Deionized and distilled waters are both processed forms of water. Deionized water is produced by filtering water to the point where it is free of ions. This ion-free water will strip ions from surrounding material, acting like a super-solvent. This is often used in semiconductor and other high-tech processing as a "soft" solvent and relatively cheap cleaning fluid.
Distilled water is most often produced by vaporizing less pure source water (tap, salt or even urine) and condensing the pure water vapour. During this process, free ions from the atmosphere, containers or other sources are grabbed by the water, leaving a less aggressive fluid. Distilled water is a superior source for cooking or making soft drinks as it is pH neutral and allows the manufacturer more control over how syrups and other additives will react when mixed.
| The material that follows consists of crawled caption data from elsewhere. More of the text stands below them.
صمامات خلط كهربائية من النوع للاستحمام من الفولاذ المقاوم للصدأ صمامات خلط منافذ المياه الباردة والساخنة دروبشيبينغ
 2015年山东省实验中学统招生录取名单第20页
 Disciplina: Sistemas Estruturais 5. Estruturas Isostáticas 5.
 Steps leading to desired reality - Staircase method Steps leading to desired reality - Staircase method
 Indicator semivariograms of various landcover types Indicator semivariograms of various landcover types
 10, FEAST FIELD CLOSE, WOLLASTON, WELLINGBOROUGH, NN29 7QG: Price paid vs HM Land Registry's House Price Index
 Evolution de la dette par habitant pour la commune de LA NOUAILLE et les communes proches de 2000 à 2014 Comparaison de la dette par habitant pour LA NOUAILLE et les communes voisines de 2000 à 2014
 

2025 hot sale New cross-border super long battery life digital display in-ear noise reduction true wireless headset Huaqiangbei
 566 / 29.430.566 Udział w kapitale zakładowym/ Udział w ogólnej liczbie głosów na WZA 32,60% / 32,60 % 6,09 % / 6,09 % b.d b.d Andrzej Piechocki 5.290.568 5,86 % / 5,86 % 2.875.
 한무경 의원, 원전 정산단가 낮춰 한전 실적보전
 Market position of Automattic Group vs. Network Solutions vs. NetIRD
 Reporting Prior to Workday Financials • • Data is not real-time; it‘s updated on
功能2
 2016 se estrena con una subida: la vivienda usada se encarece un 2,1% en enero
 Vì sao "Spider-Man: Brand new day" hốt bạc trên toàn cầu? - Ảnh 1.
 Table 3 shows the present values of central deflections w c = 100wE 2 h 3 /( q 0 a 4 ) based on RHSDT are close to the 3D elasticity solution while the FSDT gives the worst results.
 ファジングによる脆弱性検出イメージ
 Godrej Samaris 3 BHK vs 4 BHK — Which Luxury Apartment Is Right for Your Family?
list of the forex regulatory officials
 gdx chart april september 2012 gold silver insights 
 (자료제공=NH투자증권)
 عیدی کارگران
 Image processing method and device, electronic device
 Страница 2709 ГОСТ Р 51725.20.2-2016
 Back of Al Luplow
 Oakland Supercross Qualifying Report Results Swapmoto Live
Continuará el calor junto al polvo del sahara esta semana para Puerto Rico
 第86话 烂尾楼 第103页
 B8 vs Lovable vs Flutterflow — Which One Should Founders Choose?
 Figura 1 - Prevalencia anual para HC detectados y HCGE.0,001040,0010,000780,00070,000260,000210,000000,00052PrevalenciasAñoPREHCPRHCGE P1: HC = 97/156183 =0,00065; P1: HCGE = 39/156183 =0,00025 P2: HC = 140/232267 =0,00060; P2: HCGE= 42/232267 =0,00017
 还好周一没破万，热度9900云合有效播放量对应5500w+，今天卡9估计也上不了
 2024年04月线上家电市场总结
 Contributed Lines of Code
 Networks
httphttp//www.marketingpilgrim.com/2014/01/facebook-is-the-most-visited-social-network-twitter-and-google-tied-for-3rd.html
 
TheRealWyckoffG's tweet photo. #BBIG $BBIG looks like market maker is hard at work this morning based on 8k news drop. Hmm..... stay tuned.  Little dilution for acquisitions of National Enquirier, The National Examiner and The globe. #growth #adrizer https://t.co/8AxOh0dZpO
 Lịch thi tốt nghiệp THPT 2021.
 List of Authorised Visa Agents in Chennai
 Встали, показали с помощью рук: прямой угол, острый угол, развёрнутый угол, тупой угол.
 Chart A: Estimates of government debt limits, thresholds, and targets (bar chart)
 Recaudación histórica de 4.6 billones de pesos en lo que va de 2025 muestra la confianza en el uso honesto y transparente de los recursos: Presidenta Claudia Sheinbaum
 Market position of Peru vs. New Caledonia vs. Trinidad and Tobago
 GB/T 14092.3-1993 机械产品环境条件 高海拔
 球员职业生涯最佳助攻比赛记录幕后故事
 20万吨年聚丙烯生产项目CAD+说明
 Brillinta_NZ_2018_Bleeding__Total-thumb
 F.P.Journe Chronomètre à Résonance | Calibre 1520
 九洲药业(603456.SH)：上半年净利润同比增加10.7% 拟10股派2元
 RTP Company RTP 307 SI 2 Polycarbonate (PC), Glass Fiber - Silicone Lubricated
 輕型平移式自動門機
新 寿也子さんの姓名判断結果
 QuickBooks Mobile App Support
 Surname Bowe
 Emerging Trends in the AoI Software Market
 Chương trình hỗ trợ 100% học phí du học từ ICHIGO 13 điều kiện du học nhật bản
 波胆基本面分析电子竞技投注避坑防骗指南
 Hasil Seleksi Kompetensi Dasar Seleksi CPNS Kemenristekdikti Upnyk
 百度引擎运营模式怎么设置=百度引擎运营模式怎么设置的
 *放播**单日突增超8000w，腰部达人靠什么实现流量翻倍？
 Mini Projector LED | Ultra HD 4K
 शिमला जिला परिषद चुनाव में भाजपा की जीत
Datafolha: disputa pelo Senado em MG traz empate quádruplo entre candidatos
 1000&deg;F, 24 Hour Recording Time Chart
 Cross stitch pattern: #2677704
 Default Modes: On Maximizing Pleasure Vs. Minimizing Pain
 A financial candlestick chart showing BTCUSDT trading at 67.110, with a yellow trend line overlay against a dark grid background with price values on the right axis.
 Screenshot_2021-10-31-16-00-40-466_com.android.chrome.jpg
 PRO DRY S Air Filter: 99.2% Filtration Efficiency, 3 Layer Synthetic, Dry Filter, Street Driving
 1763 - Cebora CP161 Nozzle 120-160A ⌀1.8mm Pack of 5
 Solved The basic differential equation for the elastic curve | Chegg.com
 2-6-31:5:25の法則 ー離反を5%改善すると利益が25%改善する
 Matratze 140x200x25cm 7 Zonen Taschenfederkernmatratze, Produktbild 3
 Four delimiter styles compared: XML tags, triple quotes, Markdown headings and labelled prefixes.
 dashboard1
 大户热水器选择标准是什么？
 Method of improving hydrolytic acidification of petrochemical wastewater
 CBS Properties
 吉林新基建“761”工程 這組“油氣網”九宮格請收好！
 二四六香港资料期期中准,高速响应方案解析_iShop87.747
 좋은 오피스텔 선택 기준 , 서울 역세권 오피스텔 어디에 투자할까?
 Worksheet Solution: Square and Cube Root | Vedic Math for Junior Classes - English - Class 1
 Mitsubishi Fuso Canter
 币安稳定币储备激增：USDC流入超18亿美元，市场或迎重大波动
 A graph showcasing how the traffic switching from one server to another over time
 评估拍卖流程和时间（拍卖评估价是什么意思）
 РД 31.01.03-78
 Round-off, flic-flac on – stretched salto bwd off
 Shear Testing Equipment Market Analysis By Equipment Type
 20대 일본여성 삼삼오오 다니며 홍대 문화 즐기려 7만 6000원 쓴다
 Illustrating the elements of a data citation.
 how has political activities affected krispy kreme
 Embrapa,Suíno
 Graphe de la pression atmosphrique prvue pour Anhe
Both waters are purified water. Neither is ideal as a drinking water. If choosing one over the other, the non-drinking use must be the primary consideration.
The most common forms of water distillation involve cooking a source water (usually tap water) to produce a water vapour. This water vapour is captured and cooled to form a condensate. The condensate is distilled water. This process separates out pure water from disinfectants in tap water such as chlorine or chloramines, as well as dissolved minerals, fluoride and other trace elements found in municipal water sources. This pure water readily takes ions from its surroundings, leaving a slightly ionic, less aggressive form of purified water.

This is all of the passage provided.